To get the right mesh size follows the usual way:
1. Experience or
2. Refine it step by step until the result doesn't change any more or more likley
3. Refine it step by step until you find out, you can't handle the model any more or your boss won't pay for the computing time
And yes, you have to consider Y+ and choose the appropriate turbulence model for your mesh. A Y+ of 46983271 for a low Re model isn't the perfect choice...

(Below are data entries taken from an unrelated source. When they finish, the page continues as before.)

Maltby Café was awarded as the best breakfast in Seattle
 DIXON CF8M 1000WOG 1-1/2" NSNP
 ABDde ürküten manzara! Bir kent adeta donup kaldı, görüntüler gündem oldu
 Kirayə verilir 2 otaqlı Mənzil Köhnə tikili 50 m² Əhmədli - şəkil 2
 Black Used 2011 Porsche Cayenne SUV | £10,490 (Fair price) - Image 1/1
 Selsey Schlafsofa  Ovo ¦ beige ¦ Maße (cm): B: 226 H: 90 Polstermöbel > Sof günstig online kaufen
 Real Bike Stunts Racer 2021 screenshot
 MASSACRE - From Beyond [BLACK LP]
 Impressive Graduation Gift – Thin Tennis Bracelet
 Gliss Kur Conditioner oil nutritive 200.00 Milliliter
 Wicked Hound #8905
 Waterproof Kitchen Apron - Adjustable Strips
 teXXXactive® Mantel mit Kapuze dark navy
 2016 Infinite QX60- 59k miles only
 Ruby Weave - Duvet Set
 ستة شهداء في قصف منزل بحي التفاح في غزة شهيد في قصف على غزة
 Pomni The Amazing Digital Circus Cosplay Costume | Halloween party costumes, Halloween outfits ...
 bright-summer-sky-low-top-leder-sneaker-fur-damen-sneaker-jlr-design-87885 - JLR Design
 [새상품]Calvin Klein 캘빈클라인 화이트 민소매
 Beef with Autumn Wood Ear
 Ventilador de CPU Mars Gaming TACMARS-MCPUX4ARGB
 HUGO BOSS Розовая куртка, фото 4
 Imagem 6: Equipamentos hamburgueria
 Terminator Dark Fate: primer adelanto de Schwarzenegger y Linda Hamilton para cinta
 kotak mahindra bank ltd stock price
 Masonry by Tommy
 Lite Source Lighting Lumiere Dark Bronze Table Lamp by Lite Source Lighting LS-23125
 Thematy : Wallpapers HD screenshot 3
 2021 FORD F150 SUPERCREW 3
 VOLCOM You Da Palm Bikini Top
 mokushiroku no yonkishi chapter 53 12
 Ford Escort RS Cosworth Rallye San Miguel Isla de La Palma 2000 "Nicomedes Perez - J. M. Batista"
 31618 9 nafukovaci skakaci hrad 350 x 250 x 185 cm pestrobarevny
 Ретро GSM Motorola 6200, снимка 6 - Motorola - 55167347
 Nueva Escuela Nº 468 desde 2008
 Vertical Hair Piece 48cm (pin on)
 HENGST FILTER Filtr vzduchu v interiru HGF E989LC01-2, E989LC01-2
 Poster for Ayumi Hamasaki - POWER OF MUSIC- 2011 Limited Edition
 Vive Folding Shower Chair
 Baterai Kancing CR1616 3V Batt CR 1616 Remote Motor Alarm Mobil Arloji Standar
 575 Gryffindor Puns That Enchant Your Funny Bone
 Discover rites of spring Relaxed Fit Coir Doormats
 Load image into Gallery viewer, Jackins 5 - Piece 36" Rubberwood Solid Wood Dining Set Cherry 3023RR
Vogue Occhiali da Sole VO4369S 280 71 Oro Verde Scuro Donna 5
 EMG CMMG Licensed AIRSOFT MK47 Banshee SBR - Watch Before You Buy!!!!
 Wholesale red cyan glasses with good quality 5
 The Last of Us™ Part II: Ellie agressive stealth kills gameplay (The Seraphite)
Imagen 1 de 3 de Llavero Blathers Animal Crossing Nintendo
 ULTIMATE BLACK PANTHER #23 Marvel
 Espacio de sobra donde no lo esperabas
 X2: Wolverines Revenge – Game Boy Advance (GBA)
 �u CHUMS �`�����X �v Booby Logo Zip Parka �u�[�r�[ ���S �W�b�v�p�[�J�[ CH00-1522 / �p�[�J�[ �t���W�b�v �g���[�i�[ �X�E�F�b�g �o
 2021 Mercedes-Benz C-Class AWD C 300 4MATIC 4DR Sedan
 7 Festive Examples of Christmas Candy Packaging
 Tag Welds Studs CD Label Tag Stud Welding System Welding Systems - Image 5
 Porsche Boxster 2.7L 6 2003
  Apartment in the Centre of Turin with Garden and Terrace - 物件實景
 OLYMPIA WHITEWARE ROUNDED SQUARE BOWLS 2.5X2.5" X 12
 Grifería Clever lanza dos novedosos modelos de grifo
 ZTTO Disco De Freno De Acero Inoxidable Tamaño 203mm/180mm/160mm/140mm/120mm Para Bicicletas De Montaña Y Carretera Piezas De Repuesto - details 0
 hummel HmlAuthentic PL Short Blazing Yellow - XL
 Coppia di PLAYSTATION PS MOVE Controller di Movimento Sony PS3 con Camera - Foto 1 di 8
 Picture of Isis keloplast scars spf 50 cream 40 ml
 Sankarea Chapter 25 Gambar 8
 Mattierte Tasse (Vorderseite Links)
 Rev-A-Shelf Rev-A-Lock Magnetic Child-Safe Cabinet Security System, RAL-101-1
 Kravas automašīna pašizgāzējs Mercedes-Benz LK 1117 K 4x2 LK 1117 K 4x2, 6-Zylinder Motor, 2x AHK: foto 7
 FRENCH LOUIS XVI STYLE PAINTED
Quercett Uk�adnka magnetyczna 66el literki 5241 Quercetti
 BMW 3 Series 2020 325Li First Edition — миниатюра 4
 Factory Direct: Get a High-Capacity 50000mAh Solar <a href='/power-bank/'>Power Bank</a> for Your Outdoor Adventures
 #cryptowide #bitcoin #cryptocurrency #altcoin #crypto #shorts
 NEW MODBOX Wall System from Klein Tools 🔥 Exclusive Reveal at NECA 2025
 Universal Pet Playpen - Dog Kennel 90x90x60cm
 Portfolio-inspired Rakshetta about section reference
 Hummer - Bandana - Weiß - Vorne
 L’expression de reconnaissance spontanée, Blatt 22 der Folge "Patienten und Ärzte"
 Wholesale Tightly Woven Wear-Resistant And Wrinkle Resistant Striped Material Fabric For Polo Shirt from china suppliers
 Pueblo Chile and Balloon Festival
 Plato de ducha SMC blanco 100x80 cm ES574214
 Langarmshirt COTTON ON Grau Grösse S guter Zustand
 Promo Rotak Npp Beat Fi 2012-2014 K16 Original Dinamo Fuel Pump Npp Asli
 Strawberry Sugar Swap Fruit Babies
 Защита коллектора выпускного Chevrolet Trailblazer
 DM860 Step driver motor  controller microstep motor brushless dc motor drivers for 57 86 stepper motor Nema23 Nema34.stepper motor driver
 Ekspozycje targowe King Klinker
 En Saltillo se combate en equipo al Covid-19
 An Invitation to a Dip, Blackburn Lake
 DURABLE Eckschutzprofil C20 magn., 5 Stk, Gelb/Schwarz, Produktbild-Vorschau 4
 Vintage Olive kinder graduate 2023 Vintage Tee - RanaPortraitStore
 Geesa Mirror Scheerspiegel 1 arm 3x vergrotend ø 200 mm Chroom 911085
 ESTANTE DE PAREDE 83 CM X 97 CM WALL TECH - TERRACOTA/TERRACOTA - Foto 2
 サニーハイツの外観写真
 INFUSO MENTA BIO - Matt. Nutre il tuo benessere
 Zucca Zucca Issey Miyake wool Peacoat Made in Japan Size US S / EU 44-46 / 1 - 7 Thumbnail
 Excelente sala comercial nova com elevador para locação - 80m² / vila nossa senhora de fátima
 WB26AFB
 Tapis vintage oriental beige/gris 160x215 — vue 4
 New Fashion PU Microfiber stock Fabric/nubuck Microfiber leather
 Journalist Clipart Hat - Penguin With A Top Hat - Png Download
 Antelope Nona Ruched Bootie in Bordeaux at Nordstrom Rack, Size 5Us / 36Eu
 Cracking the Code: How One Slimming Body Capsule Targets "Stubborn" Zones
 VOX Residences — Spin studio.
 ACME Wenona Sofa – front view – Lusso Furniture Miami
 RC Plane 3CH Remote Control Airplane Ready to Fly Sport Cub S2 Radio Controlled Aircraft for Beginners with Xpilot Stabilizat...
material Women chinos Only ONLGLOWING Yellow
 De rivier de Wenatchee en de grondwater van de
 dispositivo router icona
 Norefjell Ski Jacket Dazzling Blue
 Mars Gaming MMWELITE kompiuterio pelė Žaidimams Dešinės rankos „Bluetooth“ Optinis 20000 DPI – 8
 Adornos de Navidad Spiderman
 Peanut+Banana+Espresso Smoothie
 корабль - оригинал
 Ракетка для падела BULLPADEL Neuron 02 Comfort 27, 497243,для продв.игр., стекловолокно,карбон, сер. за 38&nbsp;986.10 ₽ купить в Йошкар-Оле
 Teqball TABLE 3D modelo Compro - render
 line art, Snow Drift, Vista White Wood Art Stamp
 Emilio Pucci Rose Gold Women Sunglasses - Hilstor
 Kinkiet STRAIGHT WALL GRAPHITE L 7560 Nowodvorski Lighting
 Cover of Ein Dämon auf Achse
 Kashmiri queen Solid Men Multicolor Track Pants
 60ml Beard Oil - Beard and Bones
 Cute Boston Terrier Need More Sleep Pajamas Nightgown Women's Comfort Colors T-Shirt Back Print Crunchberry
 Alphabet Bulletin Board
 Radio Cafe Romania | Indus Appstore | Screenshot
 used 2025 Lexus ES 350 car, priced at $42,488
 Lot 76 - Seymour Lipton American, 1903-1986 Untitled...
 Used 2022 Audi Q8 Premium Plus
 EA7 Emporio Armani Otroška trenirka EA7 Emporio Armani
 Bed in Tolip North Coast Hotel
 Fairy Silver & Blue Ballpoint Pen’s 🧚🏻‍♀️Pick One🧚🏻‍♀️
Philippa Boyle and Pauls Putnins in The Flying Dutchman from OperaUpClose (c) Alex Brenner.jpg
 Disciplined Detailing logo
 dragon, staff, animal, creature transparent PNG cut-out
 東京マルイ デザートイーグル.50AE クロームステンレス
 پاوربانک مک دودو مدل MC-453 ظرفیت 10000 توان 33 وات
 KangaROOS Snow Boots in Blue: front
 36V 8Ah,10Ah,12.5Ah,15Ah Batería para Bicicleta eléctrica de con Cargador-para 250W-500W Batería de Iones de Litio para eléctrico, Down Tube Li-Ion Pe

Surfboy, importing geometry works best with native CAD format. When you don't have any reader licence for a native CAD format, use parasolid. IGES is possible, but not the prefered file format. STL is also possible, it works almost every time. But the surface quality might be not good, so use it as a workaround when nothing else works.
All imported geometry is just a surface. It will always be a (hopefully closed) surface, even after a surface remesh. It gets a "volume" when you create the volume mesh - anything else is only a surface representation. (I think, CAD files and parasolid also store the information on which side of the surface the material will be, but ccm+ might just look for a closed volume)

Just import the ship hull, put a box around it and either subtract or combine and split by surface topology. Both ways should work and you should get an error free surface when your imorted geometry has a good quality.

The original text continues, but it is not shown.